Une phrase du sculpteur donne une résonance particulière à son projet, et au film. Le personnage explique vouloir faire de l’apologie de l’accueil des marins un « poing dans la gueule de la Russie », « à l’heure où tout le monde s*** la b*** de Poutine » ajoute-t-il. Il fait alors référence à l’arrestation de Roman Protassevitch, journaliste biélorusse et opposant au régime de Loukachenko, allié de Poutine. Le 23 mai 2021, celui-ci a été arrêté par les autorités biélorusses après le détournement, sur ordre du gouvernement, de l’avion dans lequel il se trouvait. C’est pourquoi la date de tournage du film – juin 2021 – est précisée aux côtés du titre. Ce détail ancre le film dans une actualité brûlante et confère à l’œuvre de Radu Jude une force de protestation. Le film trouve une résonance d’autant plus forte depuis l’invasion de l’Ukraine par la Russie le 24 février dernier.

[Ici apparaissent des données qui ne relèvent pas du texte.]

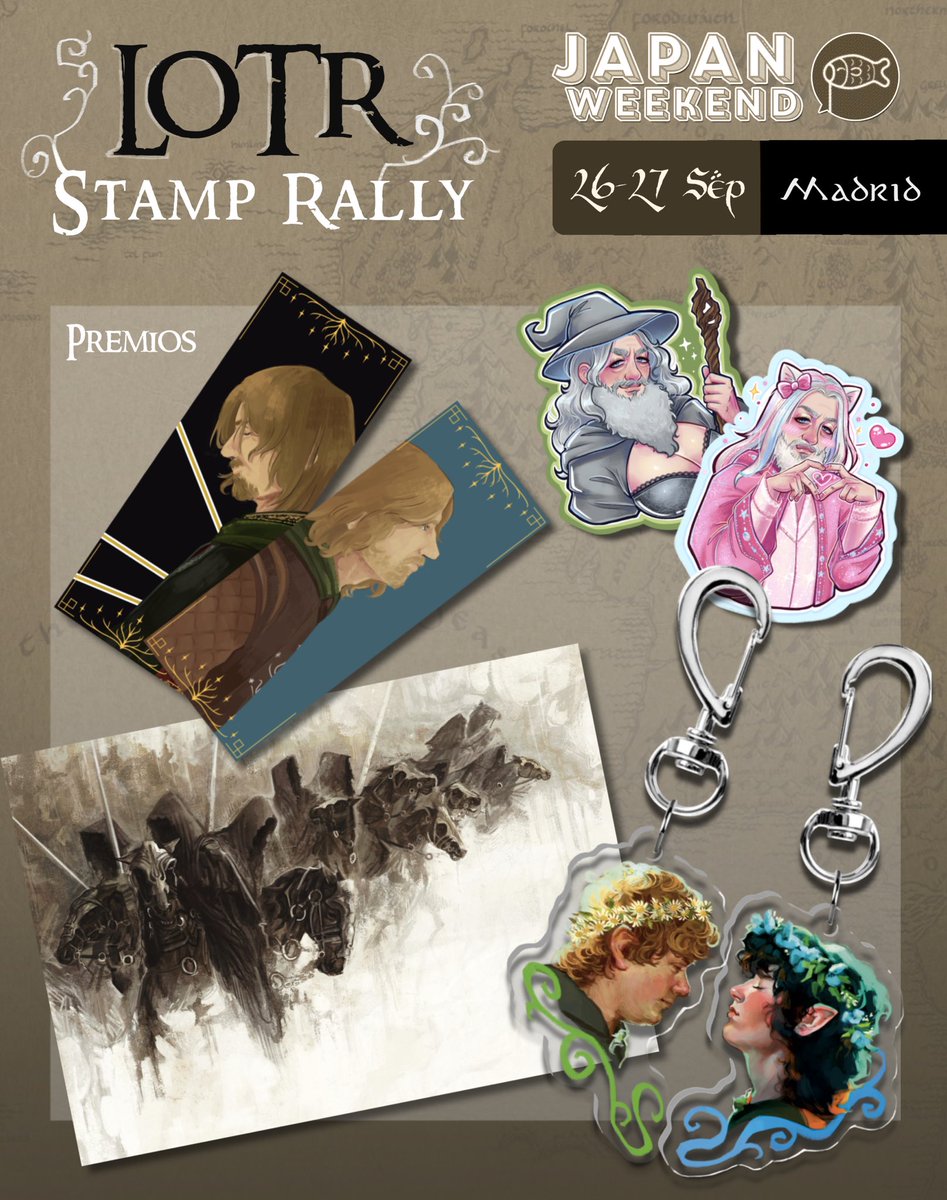 gothelmist's tweet photo. #JWArte LOTR STAMP RALLY🗡️

esta #japanweekendmadrid estaremos llevando a cabo este rally estupendísimo con los siguientes premios:

-marcapáginas (@livifu_)
-pegatinas (@bloodberry_exe)
-llaveros magnéticos (sam: mandarina_art frodo: carmical_art, ambas en IG)
-print a4 (yo!!) https://t.co/VBC0IdAZKz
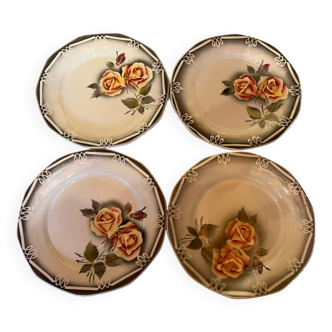 Lot de 4 assiettes plates anciennes Digoin   Sarreguemines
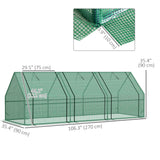 9' x 3' x 3' Portable Mini Greenhouse Tunnel Growing Tent Plants Flower Warm House w/ Zippered Roll-up Doors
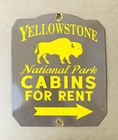 VINTAGE YELLOWSTONE NATIONAL PARK 10x8.25" PORCELAIN GAS OIL PUMP STATION SIGN
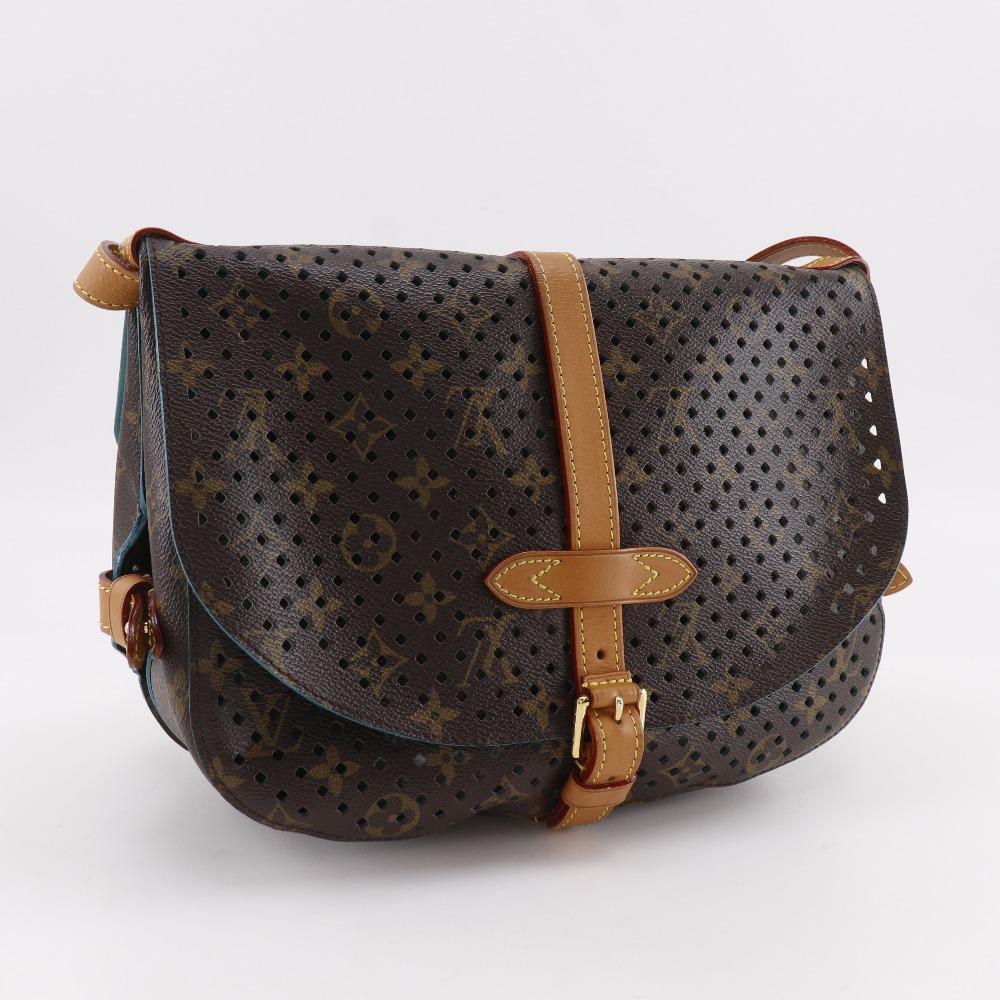 LOUIS VUITTON Saumur PM Shoulder Bag M93998 Tyu Luco Words Brown Monogram Perfo Women Used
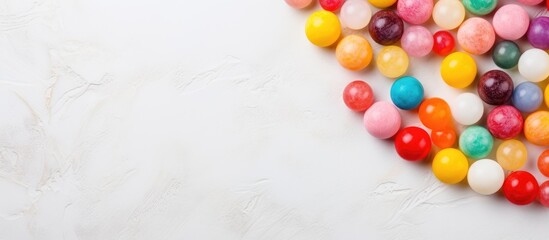 Poster - Many assorted candies on a white surface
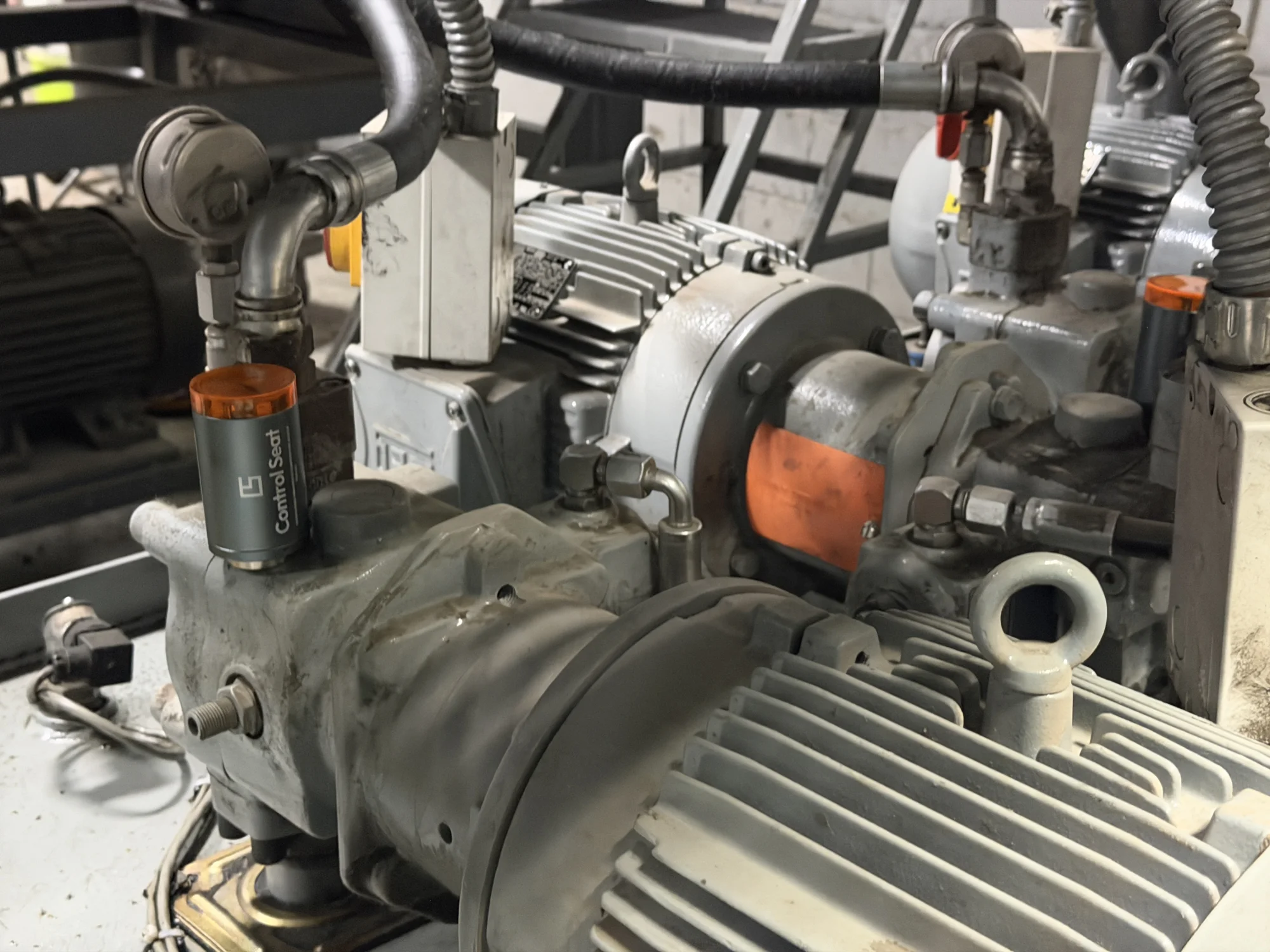 Control Seat sensor installed on manufacturing equipment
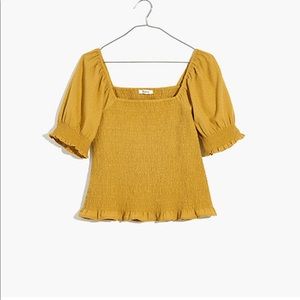 Madewell Lucie Puff-Sleeve Smocked Bodice Top
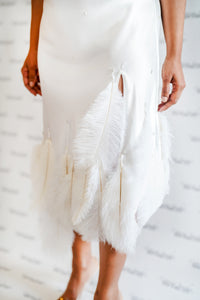 White Bias Slip Dress with Ostrich Feathers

Il y a un fantôme dans le film de Radu Jude : celui de Sergueï Eisenstein, le réalisateur du Cuirassé Potemkine, l’un des grands maîtres de l’histoire du cinéma. Le personnage du sculpteur explique que l’épisode de l’asile accordé par le roi de Roumanie n’apparaît pas dans le film et qu’Eisenstein a fait le choix de la propagande en mettant l’accent sur le combat des marins et sur leur révolution manquée. Radu Jude ne fait pas simplement référence au film d’Eisenstein, il en réutilise des images à plusieurs reprises. Il s’amuse à en réemployer les images les plus iconiques, à l’instar de la séquence des escaliers d’Odessa. De la même manière qu’il retravaille l’histoire de son pays – dont l’écriture a été entravée par des années de dictature – il façonne une histoire du cinéma. Si Radu Jude se montre critique sur l’usage de l’image à des fins idéologiques, il rend hommage au film du réalisateur soviétique. Loin de désavouer les images d’Eisenstein, il les fragmente, il les déleste du poids de la propagande pour en souligner la beauté et la force.
Si toute image est porteuse d’une idée, le rôle que se donne le cinéaste n’est jamais de la contester mais de la faire cohabiter et dialoguer avec d’autres, qu’importent le grotesque ou le ridicule qu’elles portent, puisqu’elles ont aussi des idéaux et des valeurs. C’est là que réside le cinéma politique de Radu Jude.